■ AIM OF THE EXERCISE ■
Print, exactly as they stand, the lines below from the one that has "Créer un label pour une IA de confiance ?" to the one that has "Lubricants 02 00137 g007 1024", inclusive, leaving out the pictures.

■ ENTRIES SHOWN ■
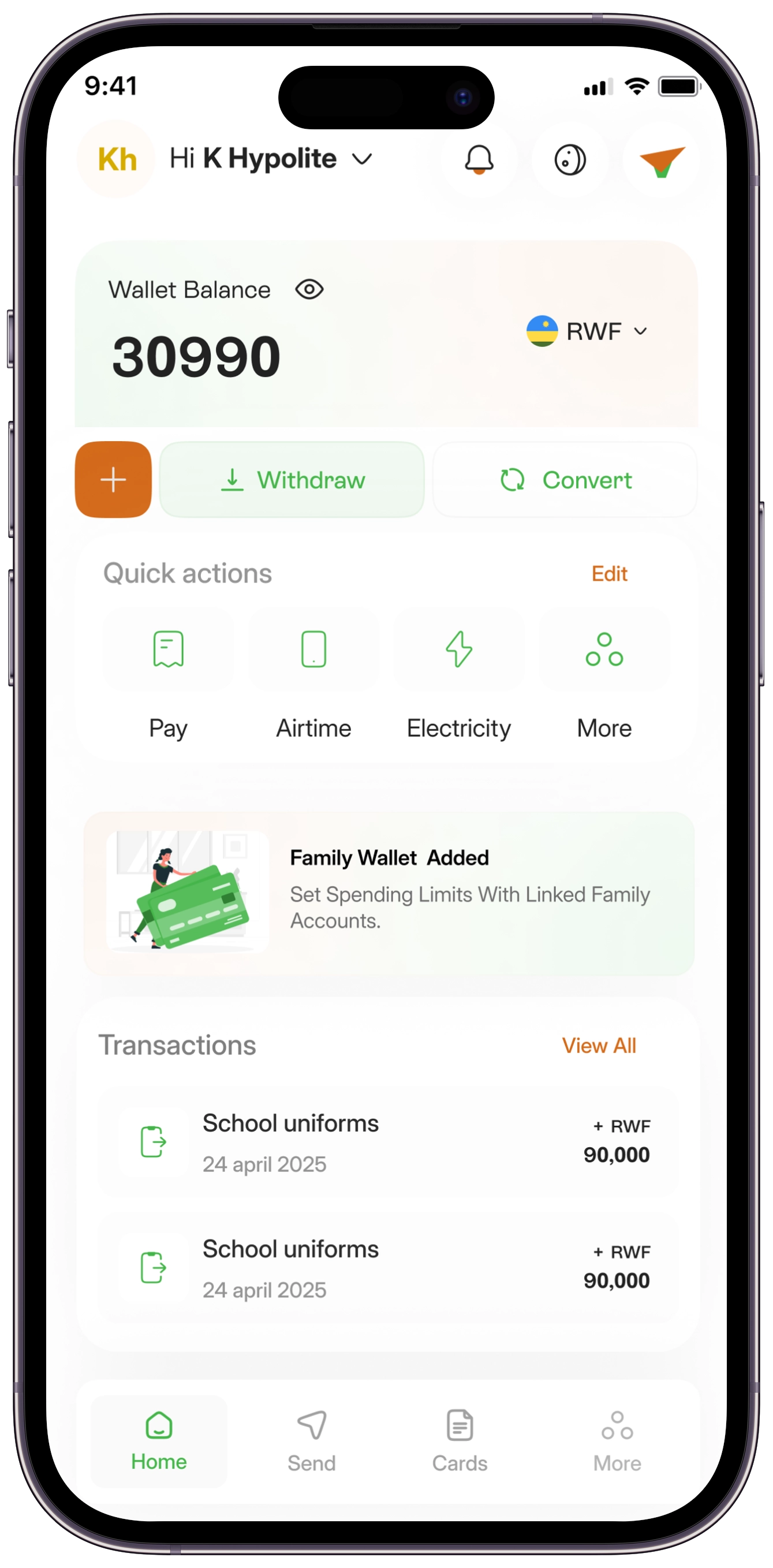 Vidaripay E-Wallet Interface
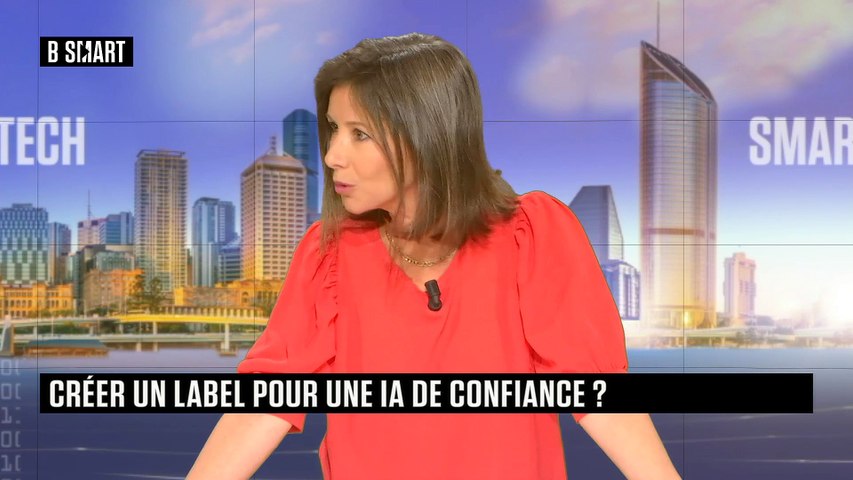 Créer un label pour une IA de confiance ?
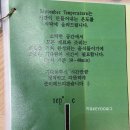 셉템버 | 성수 비건 브런치 카페 ‘셉템버 템퍼쳐 9월의온도’ 후기 | 성수동
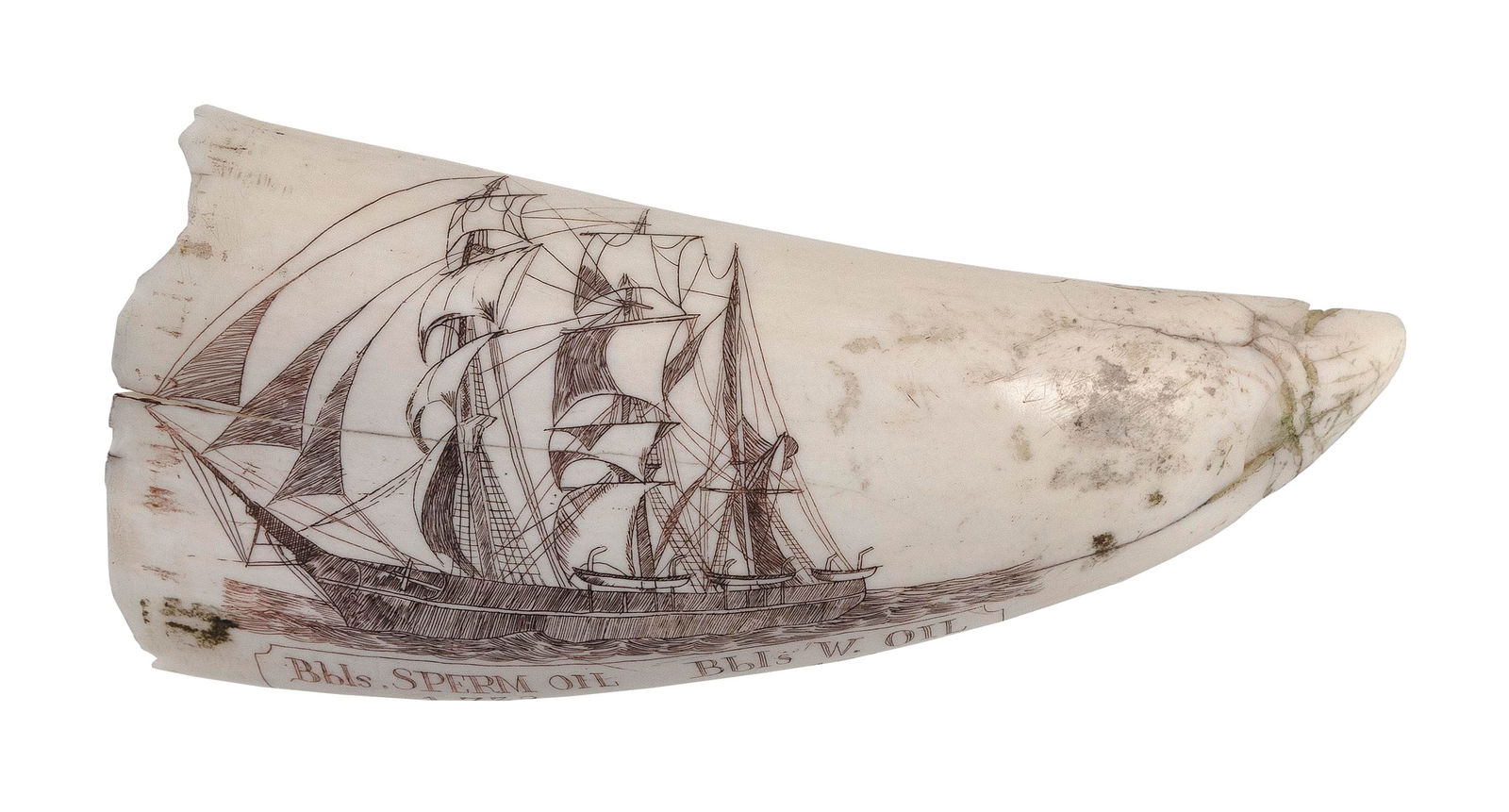 * ENGRAVED WHALE'S TOOTH WITH WHALESHIP PORTRAIT 20th Century Length 6.25". (1 of 3)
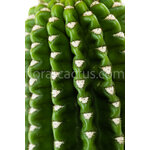 Trichocereus_spachianus_Brevispinus-1
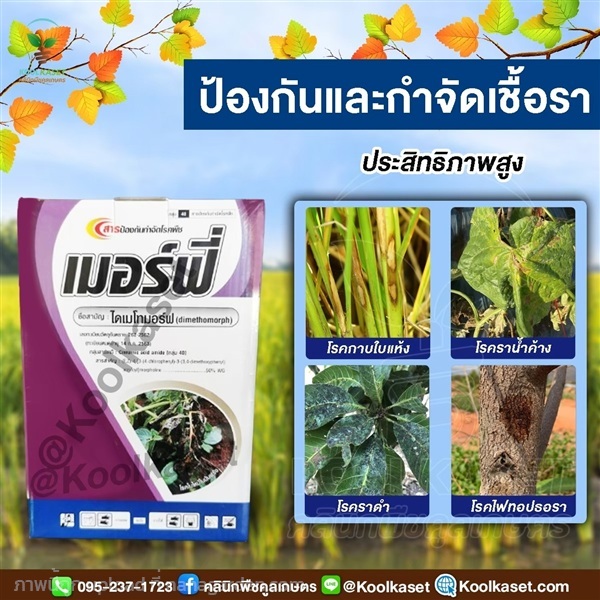เมอร์ฟี ป้องกันกำจัดเชื้อราชนิดดูดซึม | คลินิกพืชคูลเกษตร - ชุมตาบง นครสวรรค์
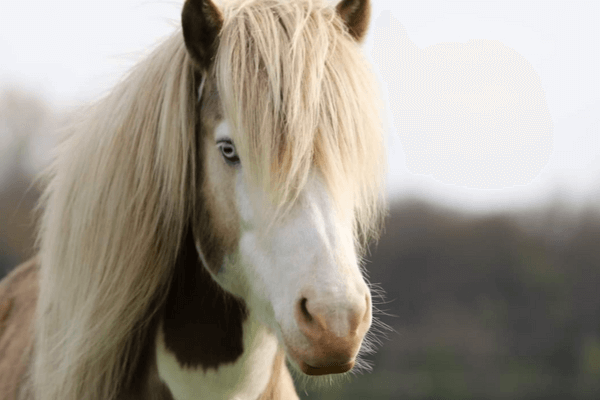 Stal Mýrarland “op de kaart”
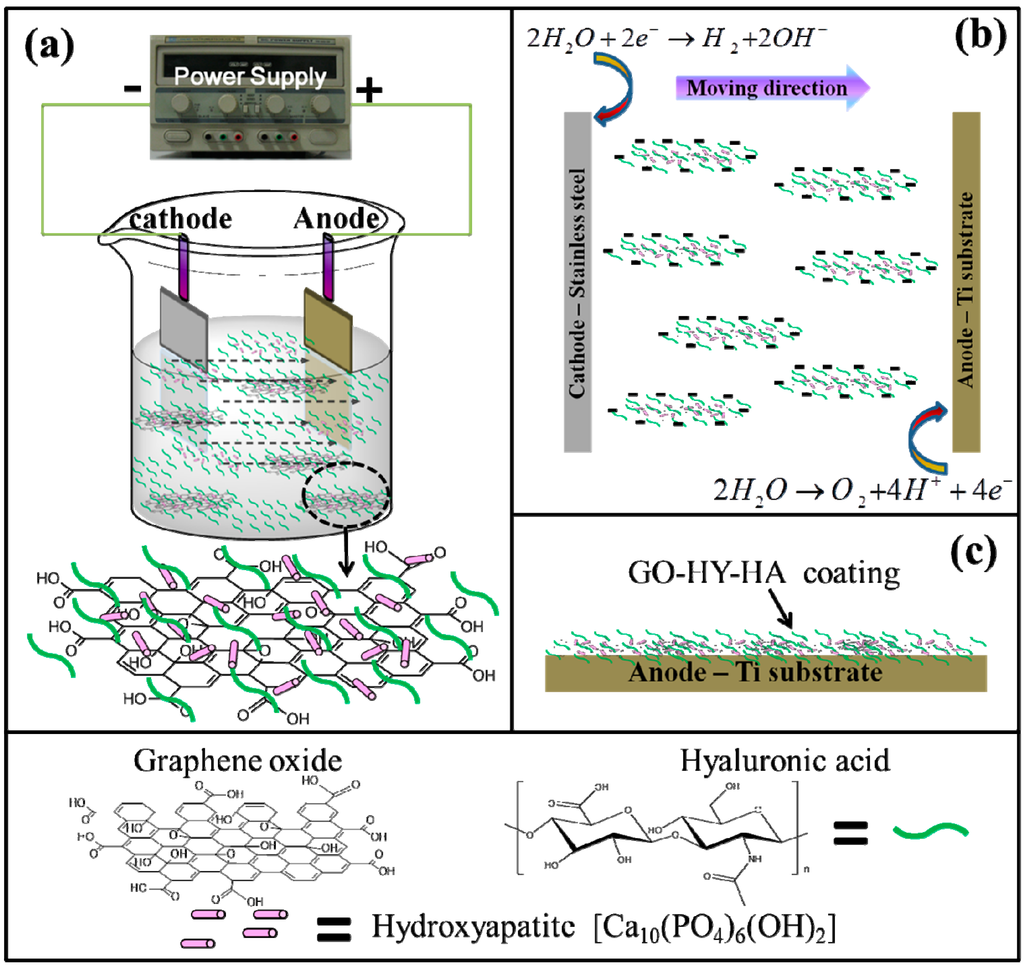 Lubricants 02 00137 g007 1024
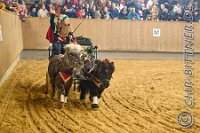 185 A LB 586    © Daniela und Christian Bittner u.a.    Alle Inhalte auf diesen Webseiten sind urheberrechtlich geschützt. Kein Teil der hier abrufbaren Inhalte darf ohne ausdrückliche schriftliche Erlaubnis des Fotografen reproduziert, gedruckt, übersetzt, in digitaler Form weiterbearbeitet, in Archive übernommen oder Dritten unter einer fremden URL zugänglich gemacht werden.   Fotografen: AE .. A. Esdar, AH .. A. Helmle, CB .. Chr. Bittner, DB .. D. Bittner, LB .. L. Bittner, BB .. B. Boschatzke,   HZ .. H. Ziegelbauer, IM .. I. Maierhöfer, KH .. K. Hauber, LE .. L. Esdar, ME .. M. Esdar, MEr .. M. Erhard,   RM .. R. Maierhöfer, SD .. S. Demchuk, TS .. T. Spaag-Wagner, UL .. U. Ladenburger, JW .. J. Wecker, EB .. E. Boschatzke,   JA .. J. Abele, MW .. Maria Walter, MB .. Manuel Bühler, GG .. Georg Gösele, CBa .. Christoph Bayrle, KZW .. Kathrin Zwerger, PG .. Peter Gösele, CME .. Carmen Müller-Epacher, GB .. Gebhard Bühler, AL .. Alisha Ladenburger, SV .. Susanne Habel-Veit, LV .. Lukas Veit.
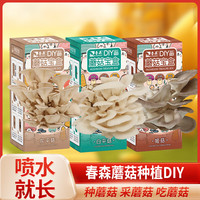 蘑菇盒子 蘑菇diy 蘑菇种植 蘑菇菌包 春森蘑菇宝盒 儿童玩具 儿童趣味蘑菇盒子 榆黄蘑1盒（无喷水瓶）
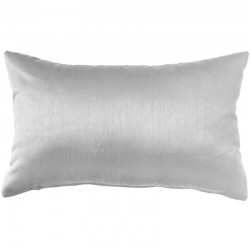 Pack of 2 SILK cushion covers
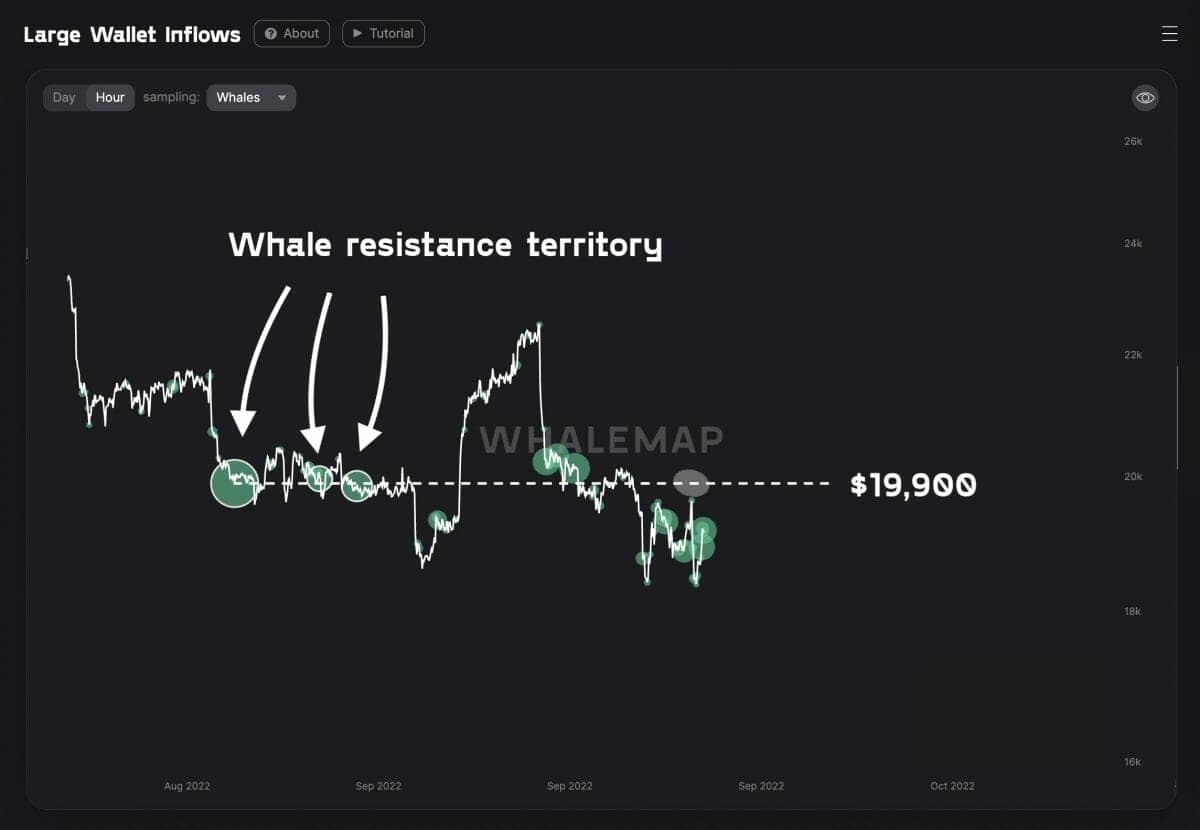BTC USD: whale resistance at $19,900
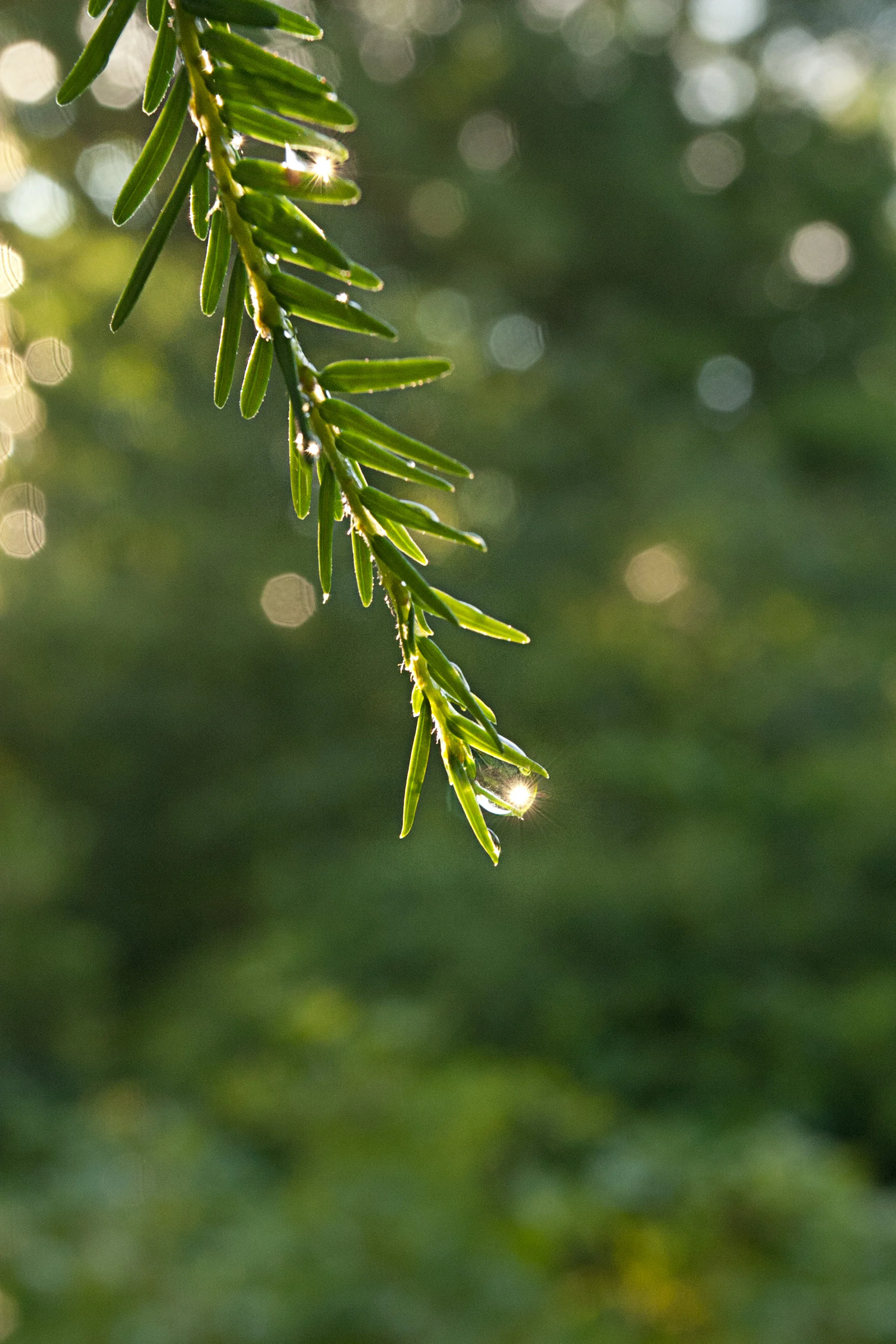 raindrop sparkle_1.jpg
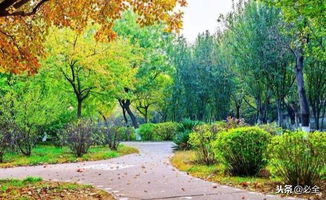 常见防寒措施详解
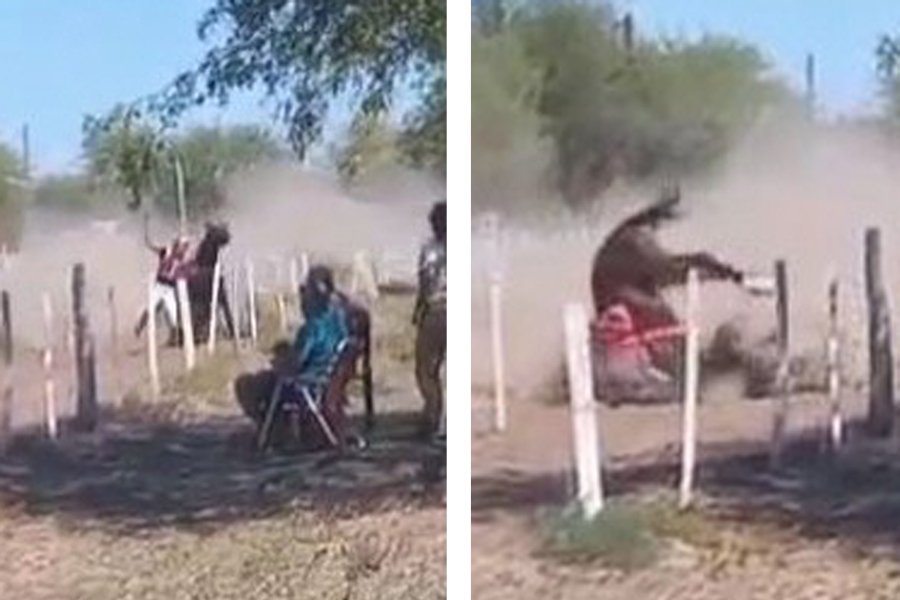 Tragedia en Añatuya: Murió jockey tras ser aplastado por su caballo en una carrera cuadrera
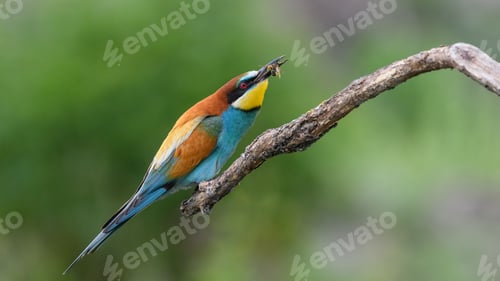 Preview: Bee-Eater Sitting on a Branch with a Bee.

■ FINISHED EXERCISE ■
 Créer un label pour une IA de confiance ?
 셉템버 | 성수 비건 브런치 카페 ‘셉템버 템퍼쳐 9월의온도’ 후기 | 성수동
 * ENGRAVED WHALE'S TOOTH WITH WHALESHIP PORTRAIT 20th Century Length 6.25". (1 of 3)
 Trichocereus_spachianus_Brevispinus-1
เมอร์ฟี ป้องกันกำจัดเชื้อราชนิดดูดซึม | คลินิกพืชคูลเกษตร - ชุมตาบง นครสวรรค์
 Stal Mýrarland “op de kaart”
 Lubricants 02 00137 g007 1024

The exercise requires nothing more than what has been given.